### [EXERCISE]
Retype, exactly as they stand, the lines from the start of the data to the line that contains "Lac Le Jeune", both ends included. Leave the pictures out.

Short text fragments from websites:
====
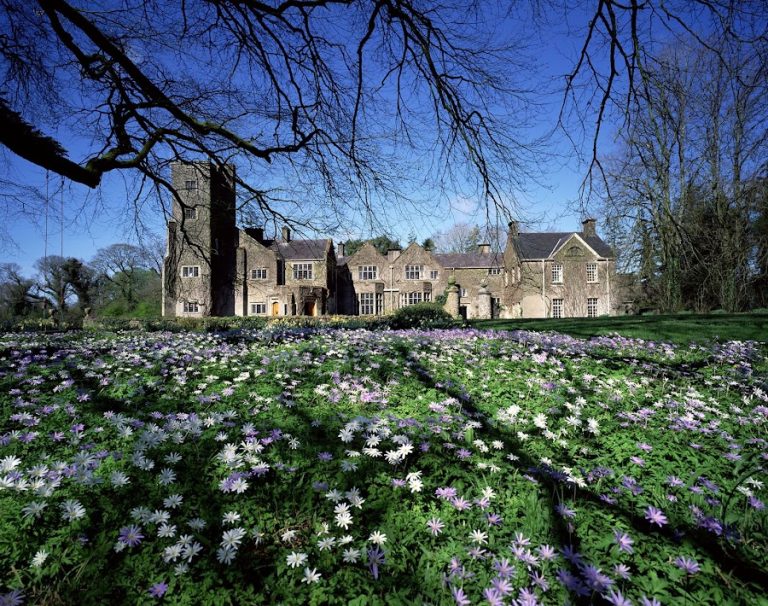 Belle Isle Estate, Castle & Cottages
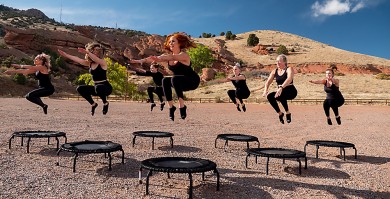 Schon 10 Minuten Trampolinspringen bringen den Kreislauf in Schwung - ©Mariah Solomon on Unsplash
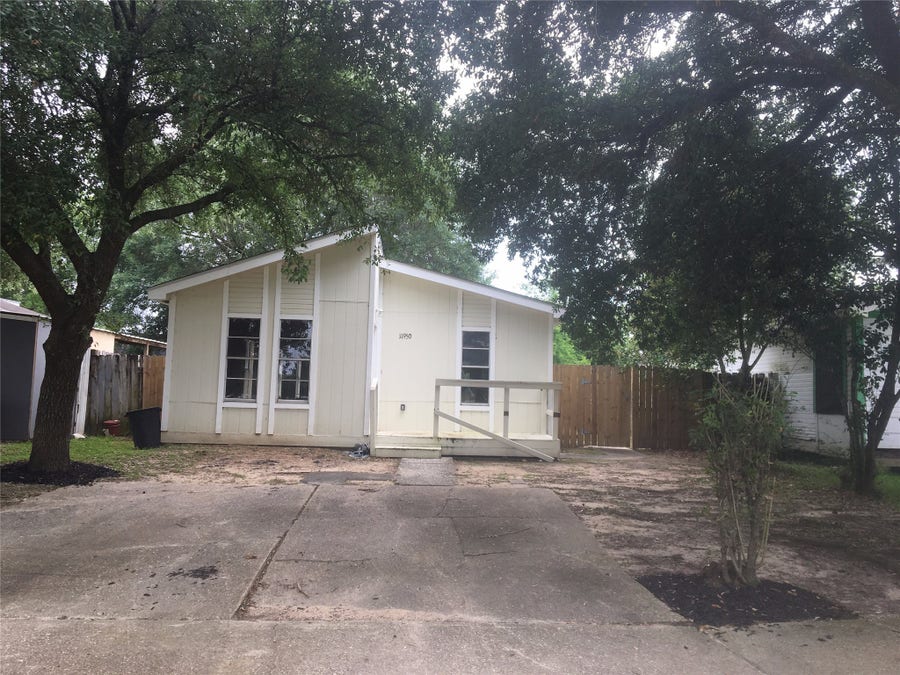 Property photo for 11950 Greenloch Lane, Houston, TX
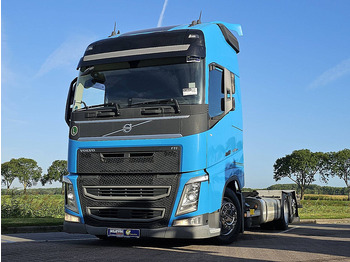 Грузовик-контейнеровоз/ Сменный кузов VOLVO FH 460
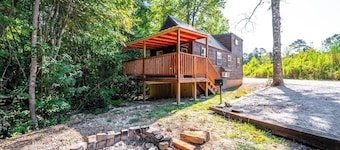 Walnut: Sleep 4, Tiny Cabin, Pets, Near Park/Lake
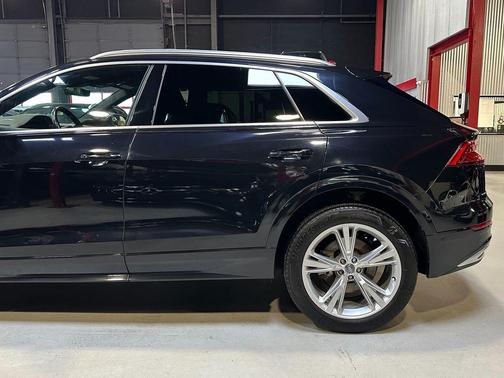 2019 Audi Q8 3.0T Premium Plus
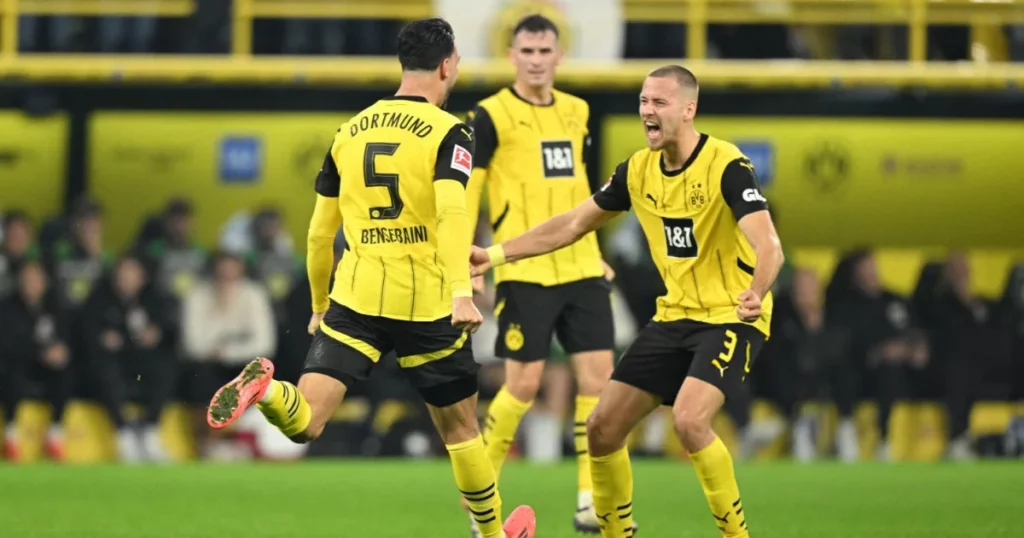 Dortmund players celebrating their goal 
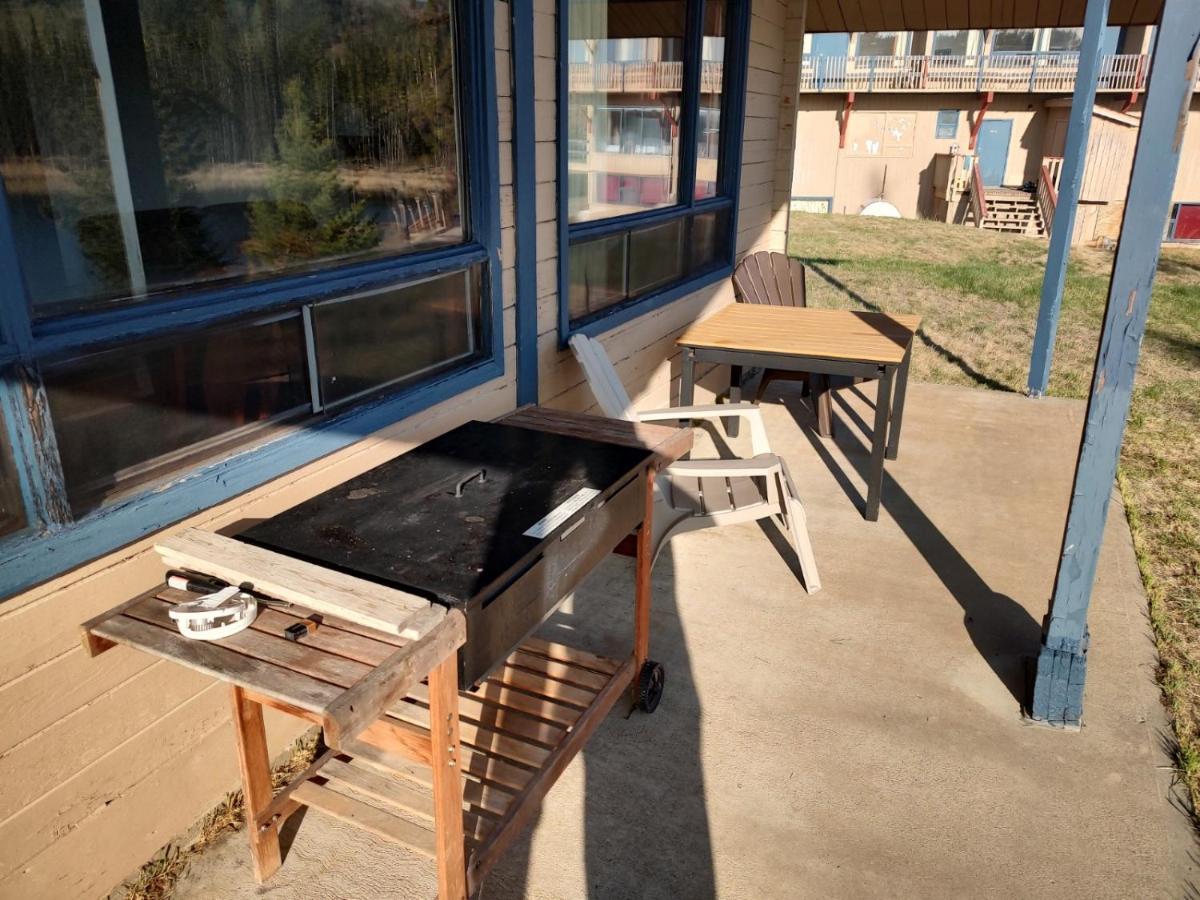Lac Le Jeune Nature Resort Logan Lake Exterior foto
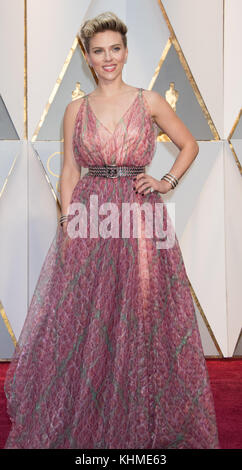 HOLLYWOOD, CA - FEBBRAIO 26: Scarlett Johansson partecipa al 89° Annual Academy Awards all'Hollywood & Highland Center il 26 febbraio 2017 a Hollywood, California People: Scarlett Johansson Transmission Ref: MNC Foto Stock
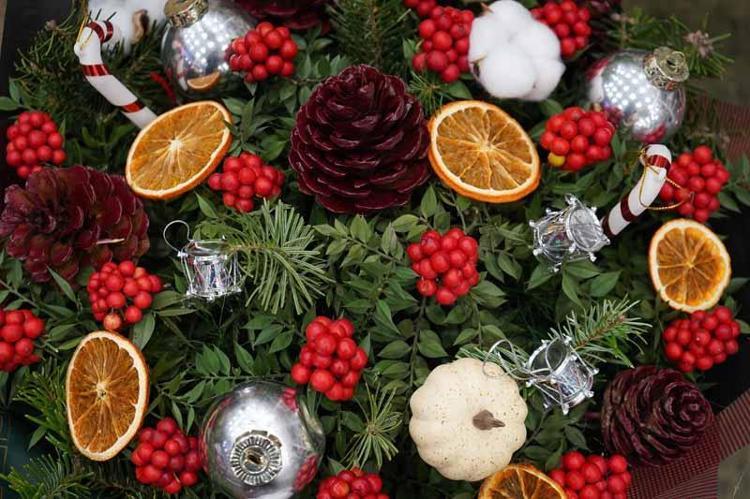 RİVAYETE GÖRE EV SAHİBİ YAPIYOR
====
### [WRITTEN RESPONSE]
 Belle Isle Estate, Castle & Cottages
 Schon 10 Minuten Trampolinspringen bringen den Kreislauf in Schwung - ©Mariah Solomon on Unsplash
 Property photo for 11950 Greenloch Lane, Houston, TX
 Грузовик-контейнеровоз/ Сменный кузов VOLVO FH 460
 Walnut: Sleep 4, Tiny Cabin, Pets, Near Park/Lake
 2019 Audi Q8 3.0T Premium Plus
 Dortmund players celebrating their goal 
Lac Le Jeune Nature Resort Logan Lake Exterior foto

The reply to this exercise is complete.